I've written a little test program that spawns a large number of threads (in my case 32 threads on a computer with 4 cores) and pins them all to one core with the pthread_setaffinity_np
syscall.
These threads run in a loop in which they report the result of the sched_getcpu
call via stdout and then sleep for a short time. What I wanted to see is, how strictly the OS adheres to a user's thread pinning settings (even if they don't make sense as in my case).
All threads report to be running on the core I've pinned them to, which is what I would have expected.
However, I've noticed, that while the program is running, cpu utilization on all 4 cores is around 100% (normally it's between 0% and 25%). Could someone enlighten me as to why this would be the case? I would have expected the utilization on the pinned core to be maximal with it being maybe a little higher on the other cores to compensate.

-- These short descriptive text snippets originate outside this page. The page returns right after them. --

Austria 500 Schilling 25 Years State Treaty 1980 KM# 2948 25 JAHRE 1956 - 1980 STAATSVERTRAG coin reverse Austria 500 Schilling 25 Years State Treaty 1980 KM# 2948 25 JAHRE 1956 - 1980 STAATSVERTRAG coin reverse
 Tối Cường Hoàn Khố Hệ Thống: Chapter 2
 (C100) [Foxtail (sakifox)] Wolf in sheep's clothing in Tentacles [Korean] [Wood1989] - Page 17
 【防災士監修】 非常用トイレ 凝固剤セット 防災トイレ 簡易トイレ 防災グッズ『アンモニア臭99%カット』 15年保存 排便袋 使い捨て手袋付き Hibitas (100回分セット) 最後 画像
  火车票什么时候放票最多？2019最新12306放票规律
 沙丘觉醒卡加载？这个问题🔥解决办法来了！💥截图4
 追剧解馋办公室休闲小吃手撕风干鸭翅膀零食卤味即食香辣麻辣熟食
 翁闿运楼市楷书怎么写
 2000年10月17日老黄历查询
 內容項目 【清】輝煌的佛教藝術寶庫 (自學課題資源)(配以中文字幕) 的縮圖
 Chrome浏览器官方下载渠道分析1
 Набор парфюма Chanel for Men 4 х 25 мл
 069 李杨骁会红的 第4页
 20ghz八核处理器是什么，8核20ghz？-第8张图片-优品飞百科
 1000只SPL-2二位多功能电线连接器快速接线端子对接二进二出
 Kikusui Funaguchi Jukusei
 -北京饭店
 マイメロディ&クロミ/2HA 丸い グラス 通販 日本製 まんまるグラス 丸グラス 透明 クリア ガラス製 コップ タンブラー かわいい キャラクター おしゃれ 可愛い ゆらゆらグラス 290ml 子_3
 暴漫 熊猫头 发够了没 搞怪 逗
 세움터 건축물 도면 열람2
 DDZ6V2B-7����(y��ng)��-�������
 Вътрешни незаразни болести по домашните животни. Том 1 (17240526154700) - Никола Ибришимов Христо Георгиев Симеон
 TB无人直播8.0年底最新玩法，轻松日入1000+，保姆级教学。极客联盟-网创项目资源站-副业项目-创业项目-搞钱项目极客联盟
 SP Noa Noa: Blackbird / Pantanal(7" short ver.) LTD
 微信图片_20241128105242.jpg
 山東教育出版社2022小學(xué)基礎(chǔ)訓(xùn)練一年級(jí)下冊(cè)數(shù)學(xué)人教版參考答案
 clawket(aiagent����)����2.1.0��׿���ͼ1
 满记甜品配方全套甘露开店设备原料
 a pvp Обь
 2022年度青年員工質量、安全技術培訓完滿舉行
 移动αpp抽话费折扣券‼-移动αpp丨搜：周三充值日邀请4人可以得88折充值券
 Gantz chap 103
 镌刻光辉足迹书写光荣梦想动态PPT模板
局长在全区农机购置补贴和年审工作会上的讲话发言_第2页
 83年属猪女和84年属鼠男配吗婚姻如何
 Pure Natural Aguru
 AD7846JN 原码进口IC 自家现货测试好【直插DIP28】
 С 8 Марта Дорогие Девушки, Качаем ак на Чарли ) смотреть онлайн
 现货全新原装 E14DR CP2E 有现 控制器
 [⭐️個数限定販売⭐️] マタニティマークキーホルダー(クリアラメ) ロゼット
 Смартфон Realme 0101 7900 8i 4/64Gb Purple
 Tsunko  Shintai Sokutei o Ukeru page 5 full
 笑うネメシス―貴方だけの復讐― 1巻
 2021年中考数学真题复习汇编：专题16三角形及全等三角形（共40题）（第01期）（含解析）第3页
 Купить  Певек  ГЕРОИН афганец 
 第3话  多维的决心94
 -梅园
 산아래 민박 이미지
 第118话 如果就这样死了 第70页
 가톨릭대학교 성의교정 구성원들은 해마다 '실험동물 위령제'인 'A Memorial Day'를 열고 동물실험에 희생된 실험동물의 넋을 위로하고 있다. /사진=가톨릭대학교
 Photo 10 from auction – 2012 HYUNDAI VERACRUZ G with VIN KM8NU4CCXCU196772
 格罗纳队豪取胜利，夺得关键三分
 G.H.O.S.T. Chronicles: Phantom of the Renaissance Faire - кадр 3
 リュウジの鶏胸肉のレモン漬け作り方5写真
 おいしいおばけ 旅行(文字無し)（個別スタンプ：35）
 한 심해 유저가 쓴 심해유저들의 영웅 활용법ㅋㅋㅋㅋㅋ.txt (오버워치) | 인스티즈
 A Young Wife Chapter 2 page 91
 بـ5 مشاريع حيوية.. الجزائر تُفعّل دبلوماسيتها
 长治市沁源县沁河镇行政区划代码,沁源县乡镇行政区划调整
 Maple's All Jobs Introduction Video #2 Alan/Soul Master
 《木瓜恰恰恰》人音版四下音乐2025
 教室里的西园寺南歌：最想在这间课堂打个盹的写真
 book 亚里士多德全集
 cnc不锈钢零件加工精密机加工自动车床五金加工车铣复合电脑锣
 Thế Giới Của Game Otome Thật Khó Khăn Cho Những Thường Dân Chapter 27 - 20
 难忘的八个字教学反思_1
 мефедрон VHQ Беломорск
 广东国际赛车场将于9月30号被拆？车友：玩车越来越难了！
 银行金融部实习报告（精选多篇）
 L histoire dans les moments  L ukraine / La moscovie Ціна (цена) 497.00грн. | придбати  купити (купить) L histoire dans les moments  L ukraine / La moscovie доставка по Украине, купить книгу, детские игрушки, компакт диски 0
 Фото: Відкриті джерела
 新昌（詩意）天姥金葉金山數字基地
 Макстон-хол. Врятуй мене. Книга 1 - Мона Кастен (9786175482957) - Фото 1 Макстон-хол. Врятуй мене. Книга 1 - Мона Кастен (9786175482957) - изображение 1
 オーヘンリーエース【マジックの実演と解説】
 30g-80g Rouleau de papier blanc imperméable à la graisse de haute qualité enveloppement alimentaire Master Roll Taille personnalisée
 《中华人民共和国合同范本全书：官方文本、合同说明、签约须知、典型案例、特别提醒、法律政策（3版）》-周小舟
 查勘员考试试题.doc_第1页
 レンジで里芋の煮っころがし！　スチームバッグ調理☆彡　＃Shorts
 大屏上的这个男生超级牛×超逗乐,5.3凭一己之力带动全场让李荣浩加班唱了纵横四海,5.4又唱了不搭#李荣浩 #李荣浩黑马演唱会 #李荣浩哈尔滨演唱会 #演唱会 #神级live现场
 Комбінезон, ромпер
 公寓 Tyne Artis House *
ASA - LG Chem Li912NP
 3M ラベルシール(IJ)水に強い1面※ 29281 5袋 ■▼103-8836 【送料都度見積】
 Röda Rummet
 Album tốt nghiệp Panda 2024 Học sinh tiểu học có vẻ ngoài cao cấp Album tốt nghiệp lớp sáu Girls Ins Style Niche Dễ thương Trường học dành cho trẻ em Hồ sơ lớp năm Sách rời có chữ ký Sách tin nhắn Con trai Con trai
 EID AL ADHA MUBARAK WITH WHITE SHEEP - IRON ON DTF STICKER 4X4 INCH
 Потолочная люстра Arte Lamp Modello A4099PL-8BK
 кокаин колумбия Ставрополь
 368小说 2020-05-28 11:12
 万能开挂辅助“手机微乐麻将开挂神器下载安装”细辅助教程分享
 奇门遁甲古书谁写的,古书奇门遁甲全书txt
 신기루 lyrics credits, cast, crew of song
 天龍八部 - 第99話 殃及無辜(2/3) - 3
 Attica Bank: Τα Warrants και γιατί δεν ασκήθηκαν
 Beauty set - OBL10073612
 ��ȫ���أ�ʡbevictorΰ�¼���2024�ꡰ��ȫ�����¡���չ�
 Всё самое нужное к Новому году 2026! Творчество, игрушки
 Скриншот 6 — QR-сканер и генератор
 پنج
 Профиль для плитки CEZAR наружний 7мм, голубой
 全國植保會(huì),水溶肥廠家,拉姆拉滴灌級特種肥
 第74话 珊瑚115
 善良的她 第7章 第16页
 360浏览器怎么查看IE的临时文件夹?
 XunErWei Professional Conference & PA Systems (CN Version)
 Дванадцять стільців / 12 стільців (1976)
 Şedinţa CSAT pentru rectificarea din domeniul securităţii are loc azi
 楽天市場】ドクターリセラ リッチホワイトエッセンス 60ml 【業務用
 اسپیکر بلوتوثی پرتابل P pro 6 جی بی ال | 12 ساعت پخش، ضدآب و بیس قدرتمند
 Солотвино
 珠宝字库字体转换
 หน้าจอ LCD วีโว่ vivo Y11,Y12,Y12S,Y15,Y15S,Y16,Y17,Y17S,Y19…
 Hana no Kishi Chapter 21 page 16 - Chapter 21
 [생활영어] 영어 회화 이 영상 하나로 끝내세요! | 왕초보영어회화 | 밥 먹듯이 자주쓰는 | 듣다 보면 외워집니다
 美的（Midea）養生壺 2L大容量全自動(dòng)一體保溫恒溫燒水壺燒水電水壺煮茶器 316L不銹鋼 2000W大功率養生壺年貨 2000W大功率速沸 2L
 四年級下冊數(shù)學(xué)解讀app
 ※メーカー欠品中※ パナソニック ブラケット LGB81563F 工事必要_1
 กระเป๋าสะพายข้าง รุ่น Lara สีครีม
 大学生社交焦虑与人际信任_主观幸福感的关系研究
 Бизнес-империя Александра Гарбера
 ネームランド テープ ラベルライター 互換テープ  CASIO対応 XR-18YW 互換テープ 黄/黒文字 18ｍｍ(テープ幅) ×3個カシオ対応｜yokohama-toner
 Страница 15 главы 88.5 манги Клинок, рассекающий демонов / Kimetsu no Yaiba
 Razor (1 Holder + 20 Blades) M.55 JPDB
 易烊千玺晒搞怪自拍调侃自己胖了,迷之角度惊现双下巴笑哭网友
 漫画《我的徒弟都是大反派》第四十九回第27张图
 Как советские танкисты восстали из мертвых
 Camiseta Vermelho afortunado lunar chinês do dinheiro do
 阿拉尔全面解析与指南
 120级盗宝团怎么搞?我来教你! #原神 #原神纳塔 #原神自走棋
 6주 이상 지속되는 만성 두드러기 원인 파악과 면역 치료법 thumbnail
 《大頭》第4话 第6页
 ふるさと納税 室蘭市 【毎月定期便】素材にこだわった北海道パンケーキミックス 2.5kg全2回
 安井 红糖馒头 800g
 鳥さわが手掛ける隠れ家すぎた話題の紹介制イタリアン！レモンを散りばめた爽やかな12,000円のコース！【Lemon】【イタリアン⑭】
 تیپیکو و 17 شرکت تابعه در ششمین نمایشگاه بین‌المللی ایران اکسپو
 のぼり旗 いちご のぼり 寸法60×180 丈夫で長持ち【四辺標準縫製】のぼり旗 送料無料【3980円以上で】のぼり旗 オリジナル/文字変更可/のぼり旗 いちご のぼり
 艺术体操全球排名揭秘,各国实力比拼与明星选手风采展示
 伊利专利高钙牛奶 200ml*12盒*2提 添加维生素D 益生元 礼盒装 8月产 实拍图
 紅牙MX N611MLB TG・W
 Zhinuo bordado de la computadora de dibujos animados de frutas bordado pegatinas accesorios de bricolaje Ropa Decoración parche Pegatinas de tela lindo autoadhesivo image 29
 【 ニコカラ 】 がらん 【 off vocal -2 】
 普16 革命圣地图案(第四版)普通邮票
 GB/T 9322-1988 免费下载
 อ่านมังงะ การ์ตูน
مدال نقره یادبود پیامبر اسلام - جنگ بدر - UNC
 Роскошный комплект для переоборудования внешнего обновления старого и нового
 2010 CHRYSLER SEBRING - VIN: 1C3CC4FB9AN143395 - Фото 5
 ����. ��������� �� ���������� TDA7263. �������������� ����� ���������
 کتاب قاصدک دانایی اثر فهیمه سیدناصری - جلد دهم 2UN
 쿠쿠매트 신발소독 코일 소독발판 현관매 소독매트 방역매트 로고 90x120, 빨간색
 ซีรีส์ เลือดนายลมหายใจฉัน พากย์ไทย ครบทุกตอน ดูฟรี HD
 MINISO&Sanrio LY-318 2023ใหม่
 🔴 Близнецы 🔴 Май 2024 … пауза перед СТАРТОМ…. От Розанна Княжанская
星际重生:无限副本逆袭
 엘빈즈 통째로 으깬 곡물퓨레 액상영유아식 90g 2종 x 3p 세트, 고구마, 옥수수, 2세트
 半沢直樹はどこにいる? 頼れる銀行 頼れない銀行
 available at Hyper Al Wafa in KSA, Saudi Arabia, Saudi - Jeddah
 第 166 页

I can append my code if necessary, but I figured it's pretty straightforward and thus not really necessary. I did the test on a fairly old PC with Ubuntu 18.04.
#define _GNU_SOURCE
#include <assert.h>
#include <pthread.h>
#include <sched.h>
#include <stdio.h>
#include <unistd.h>
#define THREADS 32
#define PINNED 3
#define MINUTE 60
#define MILLISEC 1000
void thread_main(int id);
int main(int argc, char** argv) {
int i;
pthread_t pthreads[THREADS];
printf("%d threads will be pinned to cpu %d\n", THREADS, PINNED);
for (i = 0; i < THREADS; ++i) {
pthread_create(&pthreads[i], NULL, &thread_main, i);
}
sleep(MINUTE);
return 0;
}
void thread_main(int id) {
printf("thread %d: inititally running on cpu %d\n", id, sched_getcpu());
pthread_t pthread = pthread_self();
cpu_set_t cpu_set;
CPU_ZERO(&cpu_set);
CPU_SET(PINNED, &cpu_set);
assert(0 == pthread_setaffinity_np(pthread, sizeof(cpu_set_t), &cpu_set));
while (1) {
printf("thread %d: running on cpu %d\n", id, sched_getcpu());
//usleep(MILLISEC);
}
}
When I close all background activity utilization is not quite 100%, but definitely affects all 4 cores to a significant degree.
@caf
If you're running these in a pseudo-terminal, then another process is receiving all of > that printf output and processing it, which requires CPU time as well. That process (your terminal, likely also Xorg) is going to show up heavily in profiles. Consider > that graphically rendering that text output is going to be far more CPU-intensive than the printf() that generates it. Try running your test process with output redirected to /dev/null.
This is the correct answer, thanks.
With the output directed to /dev/null
the CPU usage spikes are restricted to the CPU that has all the threads pinned to it.